Here’s how to register for the stock market game at Marketwatch.com
1. Go to www.marketwatch.com
2. At the top right you will see a button to SignUp. It’s in the green header band. (See screen capture below.)
3. Click on the Signup button and follow the instructions. It is safe and won’t ask you for a credit card, and won’t generate any junk mail.
4. Once you are registered you can simply click the Log In button when you visit the Marketwatch website.
6. You will get a confirmation email from Dow Jones to complete your registration. (It might go to your junk folder.) Follow the instructions.
7. After you complete the registration, go to the home page.
8. At the far right of the same header bar you used in 2. above, click on your name and choose Games
9. Click on Find a Game
10. Enter UNMEcon212F17 (it will automatically find all games for UNMEcon as an autofill) and you should see the class game.
11. To join either game enter the password: Econ212F17 (or Econ212F17A for the alternative game.)
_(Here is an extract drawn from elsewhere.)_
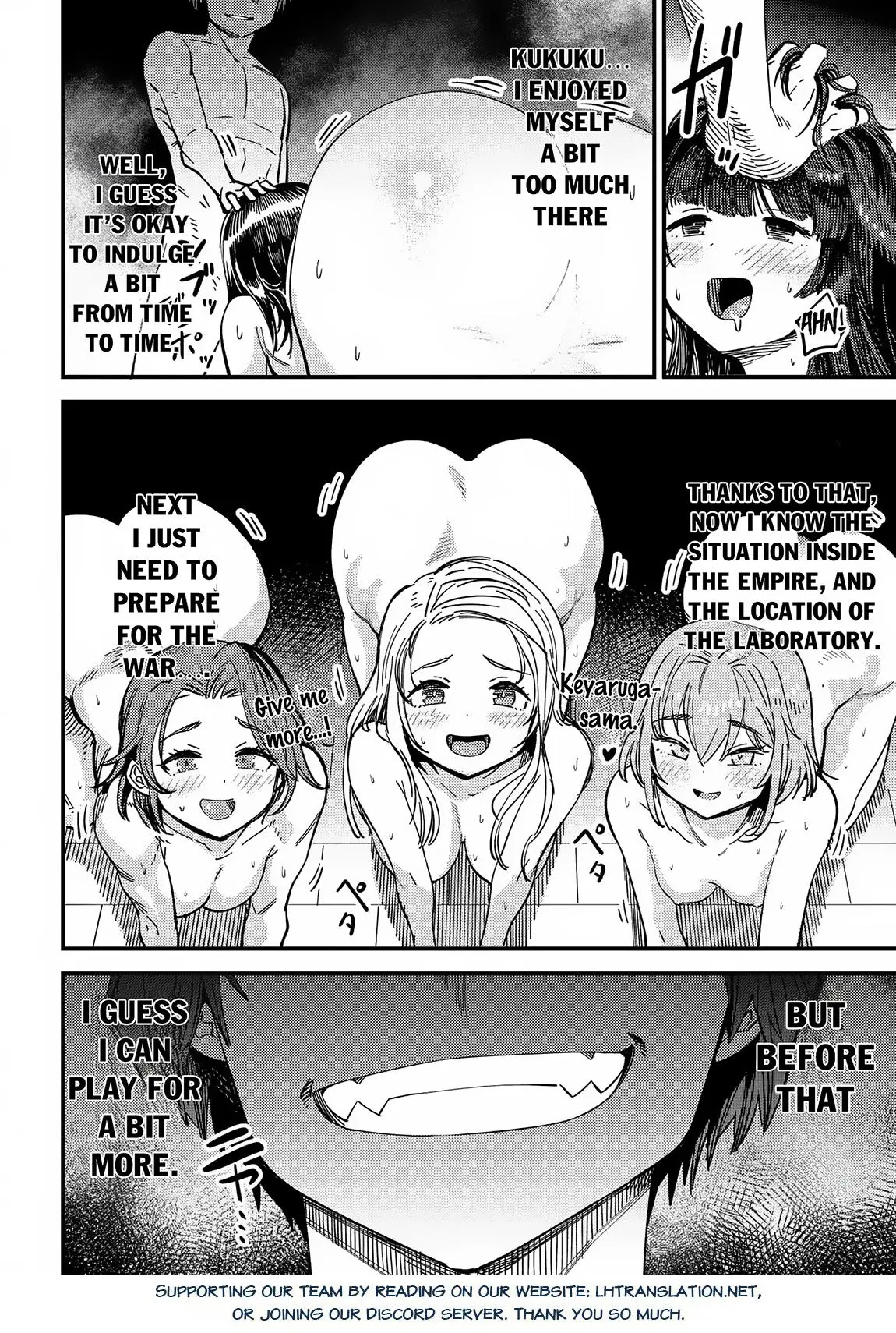 Read Kaifuku Jutsushi No Yarinaoshi - Chapter 62.2 - w5.redo-of-healer-manga.com | Image 19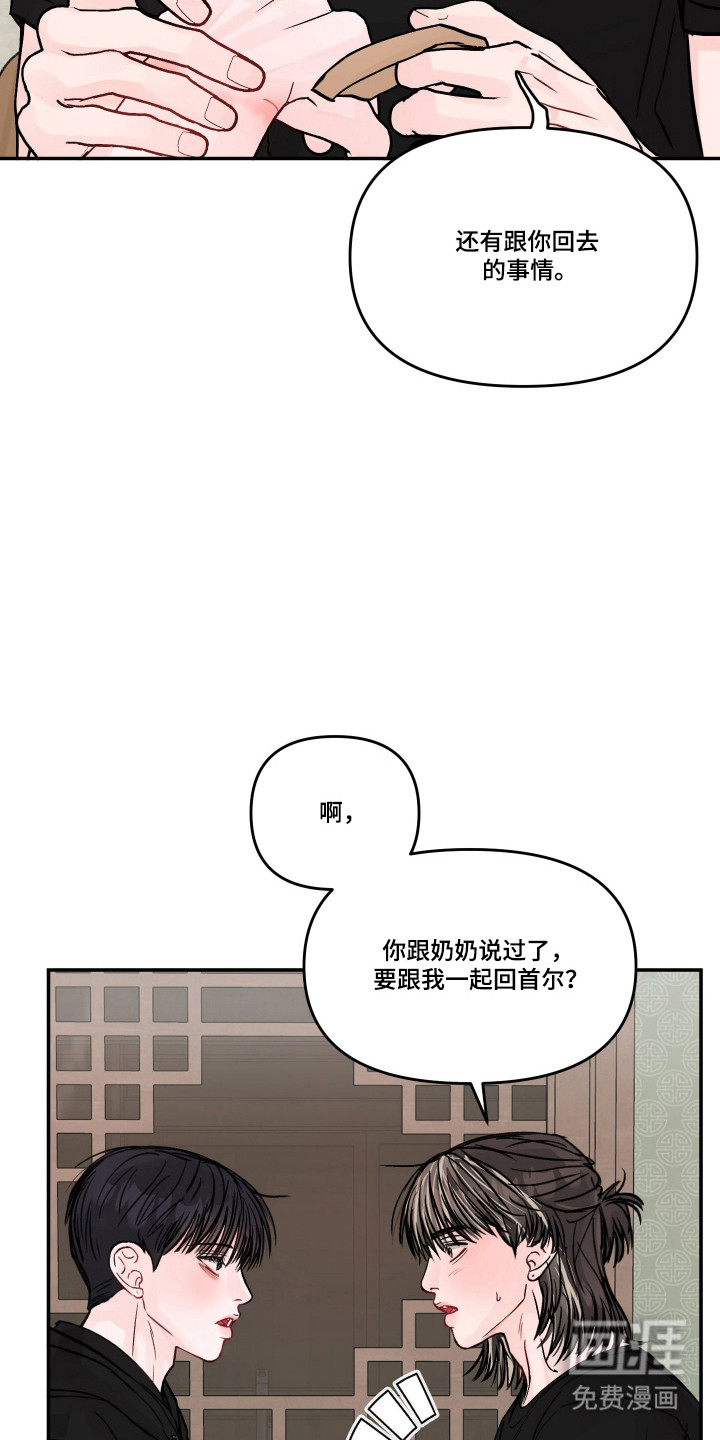 第76话21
Now you’re in. Look around a bit. You can research companies/stocks, buy and sell shares. The simulation is quite good, except that it isn’t in real time (I think it’s delayed,) and any money you make doesn’t get deposited into your bank account. (Notice you didn’t have to provide any financial information to register for the game.)
If you try to register and at any time you are asked to supply bank or credit card information, you are on the WRONG website. Bail and review where you went astray.
Remember the February month is practice. You have lots of other things to do, so don’t become a day trader. Allocate your time wisely.
You are “competing” against the S&P500, not each other. Everyone can win!!
Now that you’re registered, what next? The goal of the game is to out-perform the S&P500 index (some people refer to this as a benchmark index.) If the S&P500 increases by 5% during February and your portfolio increases by 10%, then you out-performed the index by 5 percentage points. Well done! If the index fell by 4% but your portfolio only fell by 2%, then again, well done!
I’ll post an announcement (as well as provide a link on the Learn website) concerning how the game will be scored, but now you know the basic premise.
What should you do now, before the scoring phase? Practice! And the best way to start is to Trade. There’s even a button called TRADE NOW. Once you click on that you’ll see a list of companies in the news. Click on the tickers of a few (the ticker is the symbol of the company. Apple’s ticker is APPL for example.) You’ll see lots of information (that I will talk about during this class, but that’s still some weeks off unfortunately. We must walk before we run, grasshoppers…) Simple rule: if a company seems to be on an upswing, buy some shares of it. Check in tomorrow. If it’s still going up, hold. If it’s going down, sell. It’s probably not the best rule, but it will show you how things work.
And you’re playing the game! Jump in, get wet.
I realize many of you have never played a simulated stock market game before (even though many of you have.) Some of you may be helped when starting off by reading a “how to” guide. There isn’t a how-to for the Marketwatch game exactly, but I found a guide to another similar game. Check out How to Play the Investopedia Game. It’s not the same as the Marketwatch Game (which used to be called Virtual Stock Exchange) but you will certainly see the general method.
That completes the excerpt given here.